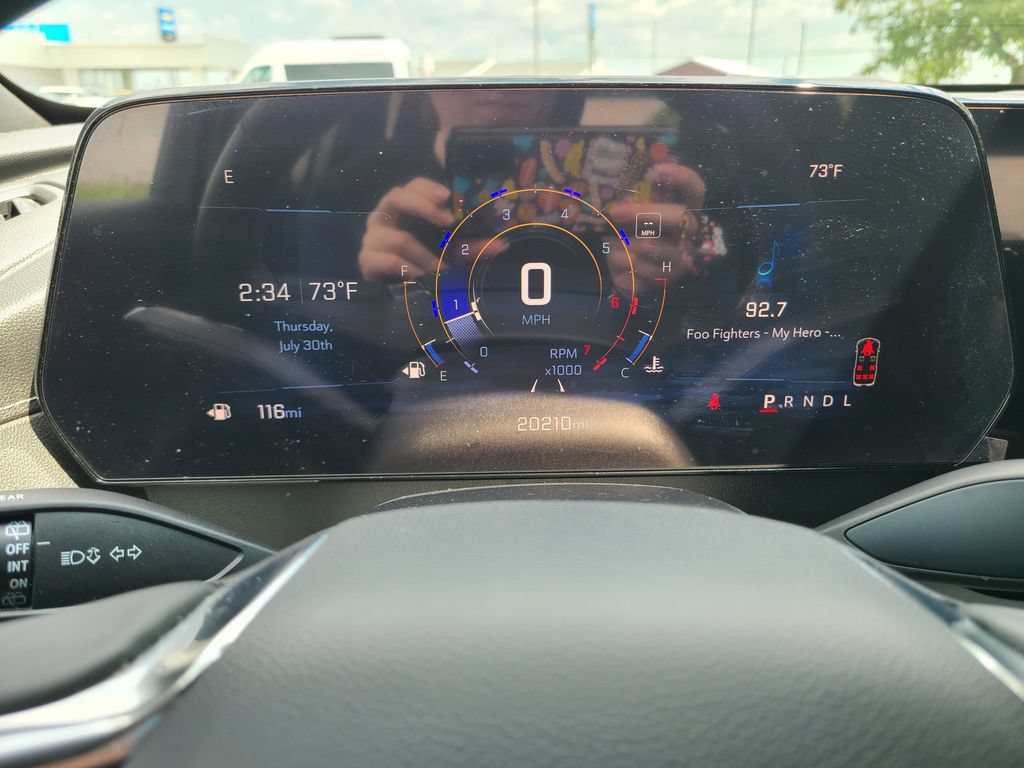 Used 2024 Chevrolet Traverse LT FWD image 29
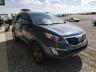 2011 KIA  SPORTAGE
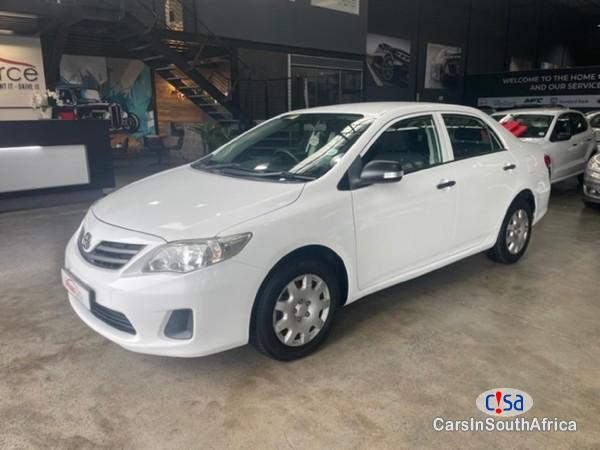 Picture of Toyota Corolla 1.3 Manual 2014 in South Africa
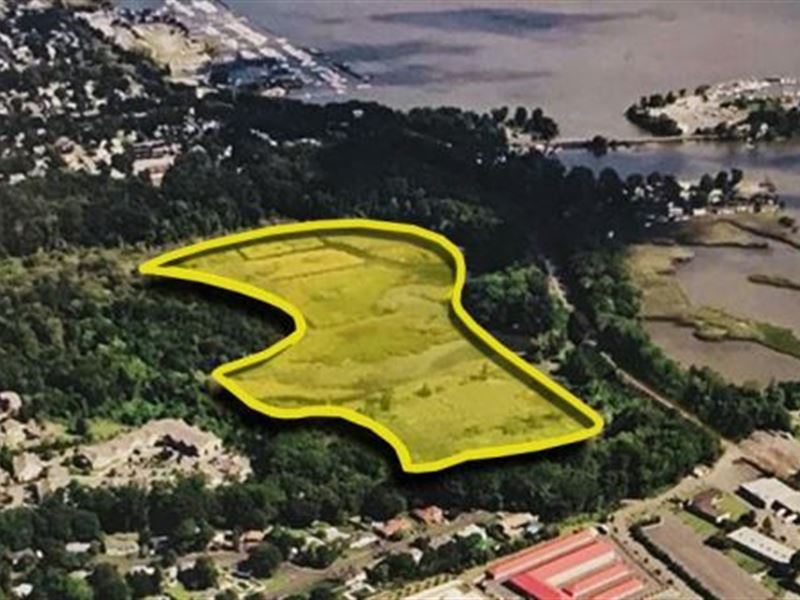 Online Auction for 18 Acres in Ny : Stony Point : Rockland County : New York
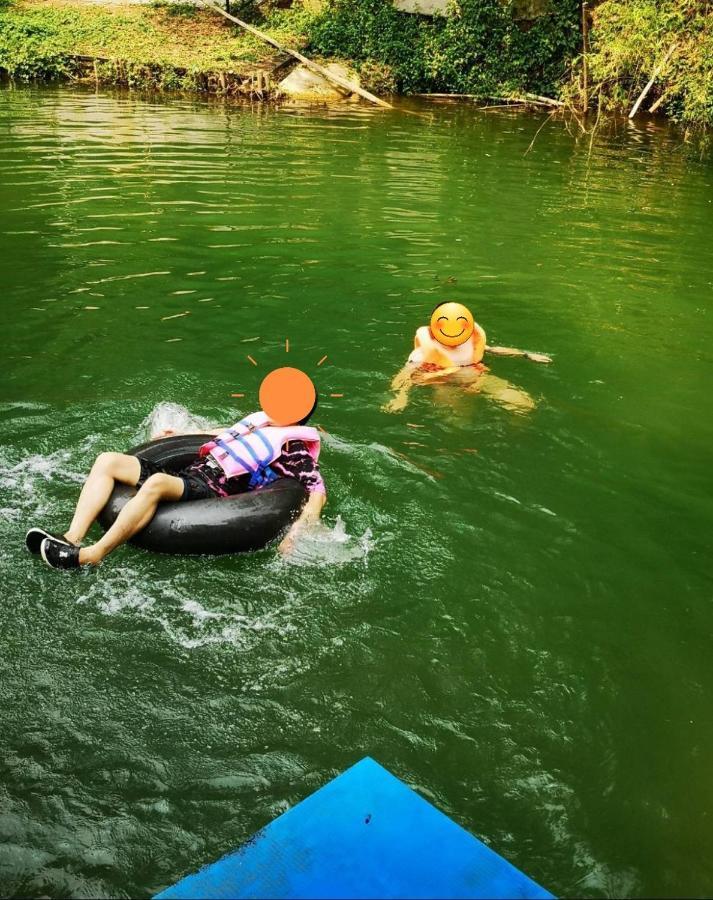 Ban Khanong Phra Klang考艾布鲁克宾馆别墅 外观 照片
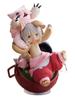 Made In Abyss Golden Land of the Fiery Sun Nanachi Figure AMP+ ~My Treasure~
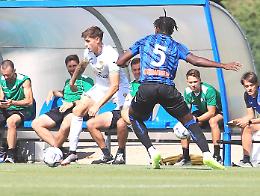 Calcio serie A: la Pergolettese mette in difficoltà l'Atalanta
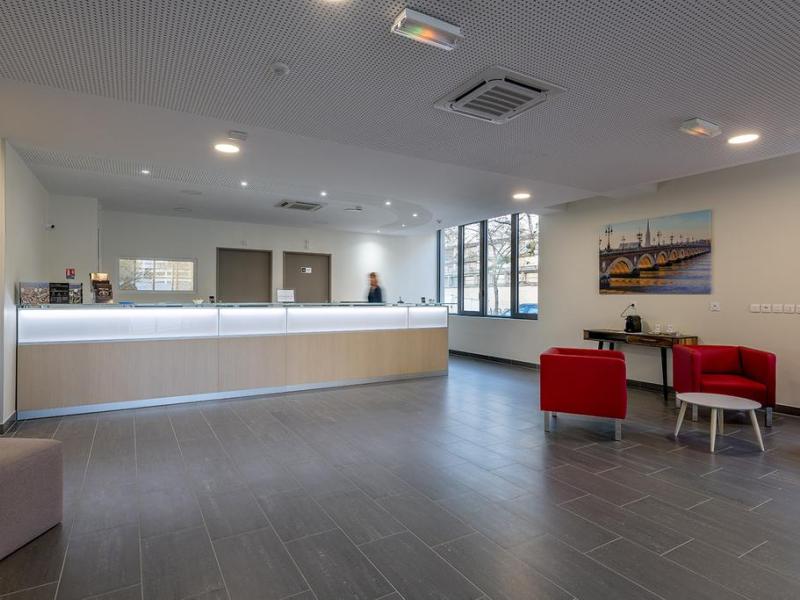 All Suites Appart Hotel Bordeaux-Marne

★ ★ ★

▶ **TASK DIRECTIONS**:
Counting both ends, reproduce word for word the lines from the line with "Online Auction for" to the final line of the listing above, skipping every picture.

▶ **RESULT OF THE EXERCISE**:
 Online Auction for 18 Acres in Ny : Stony Point : Rockland County : New York
 Ban Khanong Phra Klang考艾布鲁克宾馆别墅 外观 照片
 Made In Abyss Golden Land of the Fiery Sun Nanachi Figure AMP+ ~My Treasure~
 Calcio serie A: la Pergolettese mette in difficoltà l'Atalanta
 All Suites Appart Hotel Bordeaux-Marne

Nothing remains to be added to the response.